Maria Leandra Bizello – A vida privada que analisei é aquela mostrada nas revistas ilustradas, e, portanto, as imagens de família são imagens permitidas pelo presidente. JK estabelecia uma relação bem próxima com repórteres e fotógrafos das duas revistas analisadas. Isso me fez pensar em imagem permitida e não em imagem oficial. A primeira é negociada entre JK e os fotógrafos dos meios de comunicação; a segunda, produzida pelas agências governamentais, daquele período, no caso, a Agência Nacional. Isso também acontece com os filmes institucionais que analisei. Se Getúlio Vargas, enquanto ditador, tinha o DIP (Departamento de Imprensa e Propaganda) como um aparato de propaganda e de construção de sua imagem, JK não tinha um aparato estatal tão forte e se serviu das relações pessoais e políticas para construir sua imagem pública também através dos meios de comunicação de massa privados.
Para mim, não há relação entre sua vida privada e as crises enfrentadas por JK durante sua presidência. A mídia – no caso de meu estudo, as revistas ilustradas – não estabeleciam essa relação. A mídia não invadia de forma agressiva a vida privada dos políticos. Havia um limite dado pelo próprio político, pela mídia e pelos valores da época.
Acho um pouco perigoso fazer comparações entre esse período e os dias de hoje. Devemos levar em consideração que a televisão estava em seu início no Brasil dos anos 1950, e a mídia impressa esbarrava no grande número de analfabetos da época. Hoje, o contexto é muito diferente: a televisão é o meio de comunicação mais importante, e o político deve saber lidar com sua imagem nesse meio que tem uma outra linguagem. Não temos mais revistas ilustradas nos moldes de O Cruzeiro ou Manchete. O fotojornalismo mudou bastante e o que predomina é o texto. Tudo isso é pouco estudado por isso evito fazer as comparações. Outra questão ainda é que lidamos de maneira diferente com a privacidade do político nos dias de hoje; para termos uma dimensão da mudança, nos anos 1950 não havia assessoria de imprensa, o que faz diferença para um político na atualidade e, principalmente, para presidentes e governadores. O controle da informação e, por conseguinte, da imagem, passa por essa relação entre o político, a esfera pública, e os meios de comunicação.

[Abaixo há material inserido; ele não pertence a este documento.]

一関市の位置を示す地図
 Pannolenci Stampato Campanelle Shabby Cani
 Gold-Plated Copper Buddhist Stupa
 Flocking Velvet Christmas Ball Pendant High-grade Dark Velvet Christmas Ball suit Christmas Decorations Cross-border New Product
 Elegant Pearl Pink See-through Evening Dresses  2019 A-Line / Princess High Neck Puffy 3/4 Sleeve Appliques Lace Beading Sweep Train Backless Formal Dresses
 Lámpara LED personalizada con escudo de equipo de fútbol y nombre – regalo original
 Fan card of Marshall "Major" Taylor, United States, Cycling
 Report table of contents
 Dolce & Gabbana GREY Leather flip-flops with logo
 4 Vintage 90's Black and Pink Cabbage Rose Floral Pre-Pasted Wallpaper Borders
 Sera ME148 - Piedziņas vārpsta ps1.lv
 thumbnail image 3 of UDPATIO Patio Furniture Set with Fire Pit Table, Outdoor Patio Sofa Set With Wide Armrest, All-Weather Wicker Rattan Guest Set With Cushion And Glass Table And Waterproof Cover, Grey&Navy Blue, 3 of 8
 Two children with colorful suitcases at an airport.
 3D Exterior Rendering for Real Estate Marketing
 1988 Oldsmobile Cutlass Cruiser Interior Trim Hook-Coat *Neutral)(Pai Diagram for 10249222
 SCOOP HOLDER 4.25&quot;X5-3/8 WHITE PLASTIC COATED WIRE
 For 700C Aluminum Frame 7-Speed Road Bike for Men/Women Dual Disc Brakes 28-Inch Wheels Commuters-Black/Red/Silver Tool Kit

IHU On-Line – Por que, em sua opinião, a mídia fez tanta questão de manter intacta a imagem de JK?
Maria Leandra Bizello - Para mim, a mídia não preservou a imagem de JK. Ela se apropriou de uma determinada imagem e a divulga quando lhe interessa, mas é preciso estudar essa apropriação.
IHU On-Line – Todos os candidatos à presidência da República, especialmente Collor, FHC e até Lula apelaram para a imagem de JK se apresentando como novos "JK". O que significa isso? Elas têm ainda um apelo popular capaz de angariar votos?
Maria Leandra Bizello – Você tem razão. De Collor a Lula, muitos políticos evocaram e evocam a imagem de JK em algum momento, mas eu tenho dúvidas se essa evocação ajuda a angariar votos e tem um apelo popular. Penso que é algo a ser estudado. Como disse acima, em algum momento de nossa história recente, a mídia, de maneira geral, apropriou-se de uma imagem de JK, e é apenas essa que nos é mostrada. Não conhecemos a complexidade da imagem pública de Juscelino Kubitschek no período em que foi presidente da República. Eu sempre me incomodei com essa imagem homogênea de JK. Por isso, resolvi estudar a construção de sua imagem enquanto ele era presidente.
Notas:
(1) Getúlio Dornelles Vargas foi chefe civil da Revolução de 1930, que pôs fim à chamada República Velha, e foi, por duas vezes, presidente da República do Brasil. Ante seus simpatizantes, recebeu o epíteto de "pai dos pobres". Governou o Brasil de 1930 a 1934 no Governo Provisório; de 1934 a 1937 no governo constitucional, eleito pelo Congresso Nacional; de 1937 a 1945 no Estado Novo; e de 1951 a 1954 como presidente eleito pelo voto direto. Sua influência política se estende até hoje. Suicidou-se com um tiro no coração, em seu quarto, no Palácio do Catete, na cidade do Rio de Janeiro, então capital federal.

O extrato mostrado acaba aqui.